■ **Problem to work on**
Repeat the lines from the line with "SAFAVIEH Area Rug" to the line with "Чехол для Realme" in the listing below, keeping both end lines and adding nothing.

■ **Supplied data**
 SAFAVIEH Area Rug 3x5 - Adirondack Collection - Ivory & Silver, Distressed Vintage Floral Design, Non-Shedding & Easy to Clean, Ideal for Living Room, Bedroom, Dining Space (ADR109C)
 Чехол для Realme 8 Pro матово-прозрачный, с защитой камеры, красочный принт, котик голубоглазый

==

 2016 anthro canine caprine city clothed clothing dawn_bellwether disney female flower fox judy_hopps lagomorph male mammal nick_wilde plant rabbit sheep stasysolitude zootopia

■ **Result of this exercise**
 SAFAVIEH Area Rug 3x5 - Adirondack Collection - Ivory & Silver, Distressed Vintage Floral Design, Non-Shedding & Easy to Clean, Ideal for Living Room, Bedroom, Dining Space (ADR109C)
 Чехол для Realme 8 Pro матово-прозрачный, с защитой камеры, красочный принт, котик голубоглазый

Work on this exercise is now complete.